O autor de Sagarana (1946), João Guimarães Rosa (1908-1967), foi um dos maiores escritores da literatura brasileira. Não só escritor, mas sim prosador, isto é, um contador de histórias. Quando leio seus contos, imagino alguém me convidando a prestar muita atenção porque lá vem uma história que une fantasia e realidade e que, mesmo que mítica, não posso deixar de crer nela.

Guimarães Rosa era assim. Sua linguagem única, a ambientação sertaneja e suas histórias cativam gerações. Em 1967, três dias após a morte de Guimarães, Carlos Drummond de Andrade escreveu:

Guimarães Rosa

João era fabulista
fabuloso
fábula?
Sertão místico disparando
no exílio da linguagem comum?

“Projetava na gravatinha
a quinta face das coisas
inenarrável narrada?
Um estranho chamado João
para disfarçar, para farçar
o que não ousamos compreender?”

No poema Um chamado João, Drummond colocou a essência do autor. Classificado cronologicamente como um autor da 3ª geração modernista, para mim Rosa é a união perfeita das duas gerações anteriores do movimento. Isso porque ele une a invenção na linguagem com as preocupações regionais da 2ª geração (representada por autores como Graciliano Ramos e Jorge Amado).

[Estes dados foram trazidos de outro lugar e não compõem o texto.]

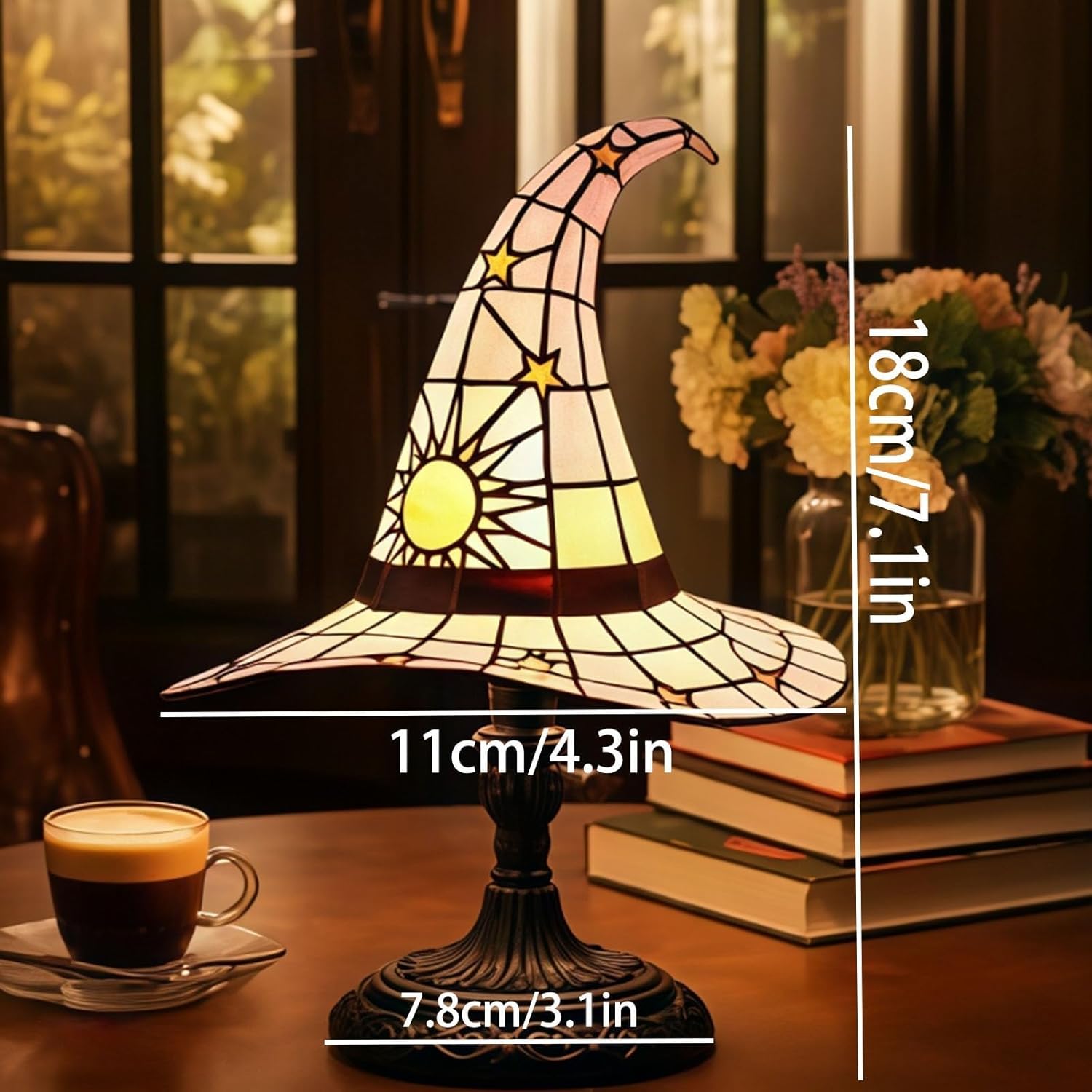 Glimsea™ Witch Hat Tiffany Lamp – Vintage Handcrafted Stained Glass Elegance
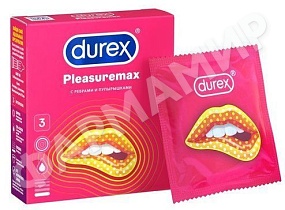 ПРЕЗЕРВАТИВЫ DUREX (ДЮРЕКС) PLEASUREMAX С РЕБРАМИ И ПУПЫРЫШКАМИ №3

Em 1930, Guimarães foi médico na cidade de Itaguara, interior de Minas Gerais. Lá, teve contado com a ambientação que trará para suas obras: as cores do interior, sua natureza, povo, lendas, modos de vida e linguagem. Numa entrevista, o autor reconheceu que trouxe para a literatura suas experiências profissionais:

Sim, fui médico, rebelde, soldado. […] Como médico, conheci o valor místico do sofrimento; como rebelde, o valor da consciência; como soldado, o valor da proximidade da morte. […] Também configuram meu mundo a diplomacia, o trato com cavalos, vacas, religiões e idiomas.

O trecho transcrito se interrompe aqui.